━━ Information given

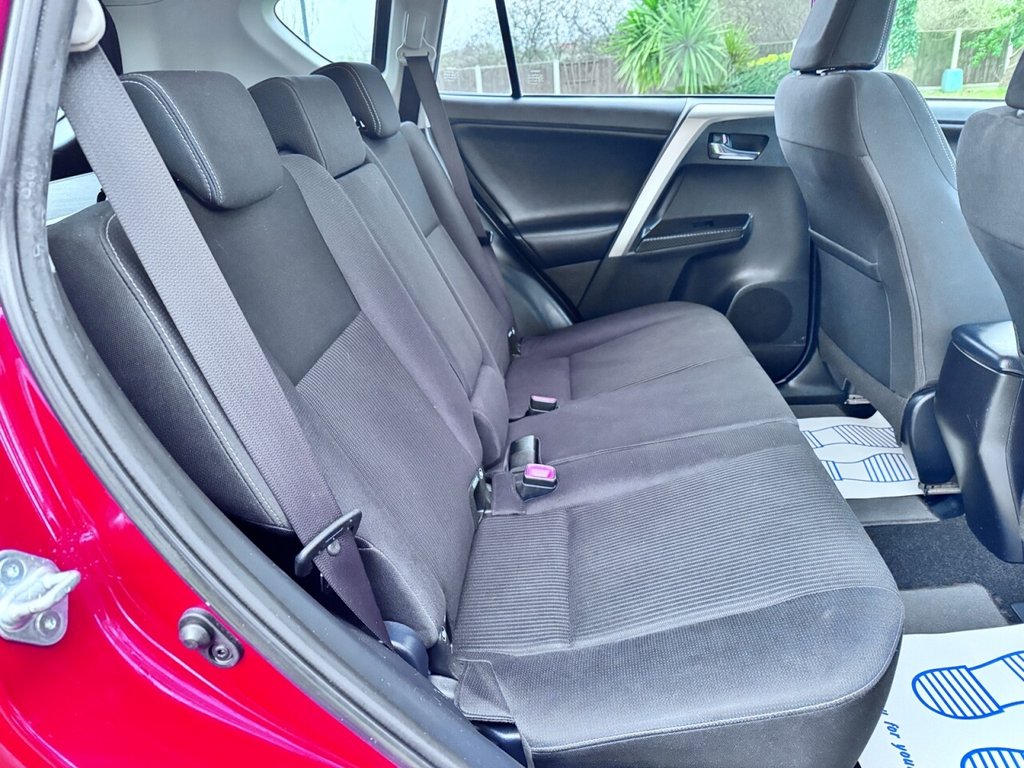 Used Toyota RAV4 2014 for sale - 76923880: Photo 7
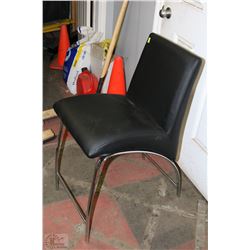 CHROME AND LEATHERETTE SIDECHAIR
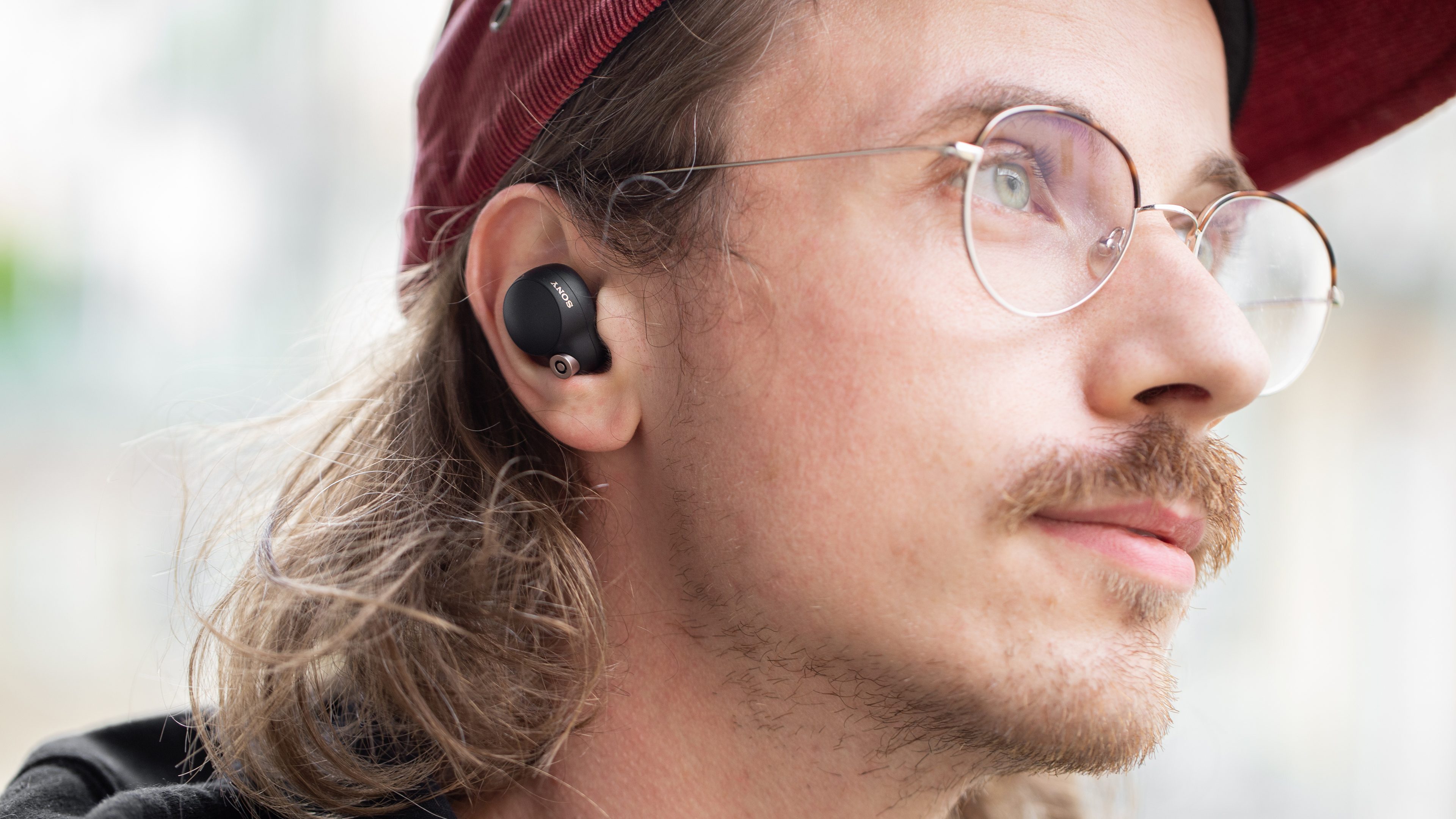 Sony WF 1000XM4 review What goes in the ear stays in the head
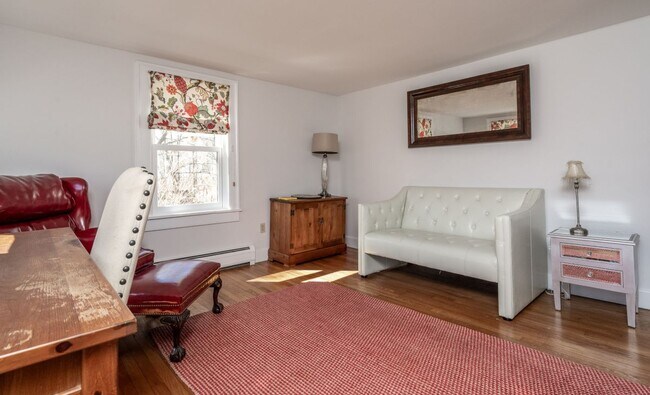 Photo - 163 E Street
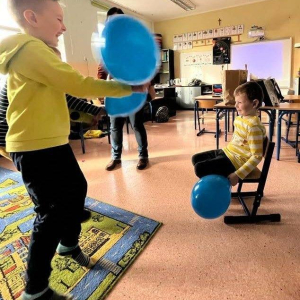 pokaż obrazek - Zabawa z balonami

━━━━

• **What to produce**
From the line containing "CHROME AND LEATHERETTE SIDECHAIR" to the last line of the entries, copy every line exactly, including both ends, and leave out the pictures.

• **Result**
 CHROME AND LEATHERETTE SIDECHAIR
 Sony WF 1000XM4 review What goes in the ear stays in the head
 Photo - 163 E Street
 pokaż obrazek - Zabawa z balonami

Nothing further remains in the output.